Presto was originally developed by Facebook as a step forward from Hive. It is an open source product, available under an Apache license, but it is not an Apache project. Unlike every other mainstream data warehousing vendor – all of which have, in effect, ported their data warehousing products onto Hadoop – Teradata instead decided to adopt Presto, and it formally launched support for the product in 2015.
Since 2015, Teradata has become a major contributor to the Presto project, most notably by adding spill-to-disk capability. What this does is to cater for query processes that exceed the amount of memory available, allowing analyses to continue to run, even if at a slower pace. The lack of features like this is one of the major reasons why a number of SQL on Hadoop engines still fail to perform all the TPC-DS SQL benchmark tests (especially at scale and with multiple concurrent users).

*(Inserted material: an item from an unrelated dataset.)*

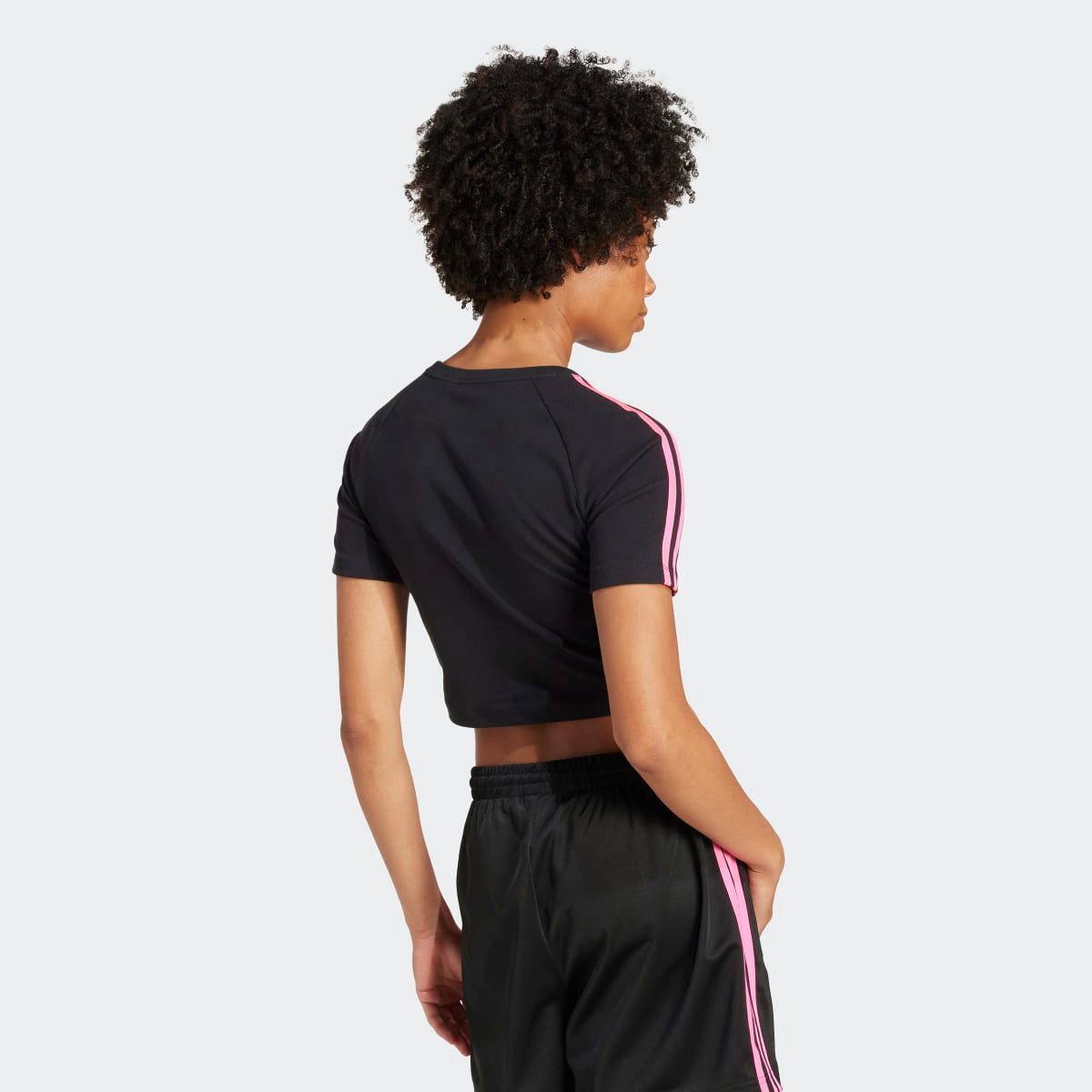 T-shirt de Mulher Baby 3 Faixas Originals Preto-2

What is more interesting is what hasn’t been introduced into the product yet. To begin with, there is a cost-based optimiser, the result of a joint development between Teradata and Facebook. This was originally intended to be released in September but has been held back pending the launch of Starburst. So, expect a major announcement around this capability and, to follow, there will be one on workload management, which had originally been scheduled for this month’s release of Presto, and has been similarly held back. As features, these are both big deals. While spill-to-disk provides a major advantage over other open source SQL on Hadoop engines it doesn’t do much for competitive positioning versus traditional competitors such as IBM, Oracle, Kognitio, Actian, Vertica, or Pivotal. And the truth is that cost-based optimisation and workload management won’t give Presto any sort of huge advantage against these vendors either. But what it will provide is some sort of parity. Right now, Presto cannot come close to competing with the likes of IBM Big SQL or Kognitio in performance terms, and the main reason for that is the lack of these features. While they may not completely close the performance gap – these will be first releases, after all – they should go a long way towards doing so.
This is all very sensible. The only thing I don’t like is the new company name, which I think is a bit excessive: it sounds like a character from a Marvel comic.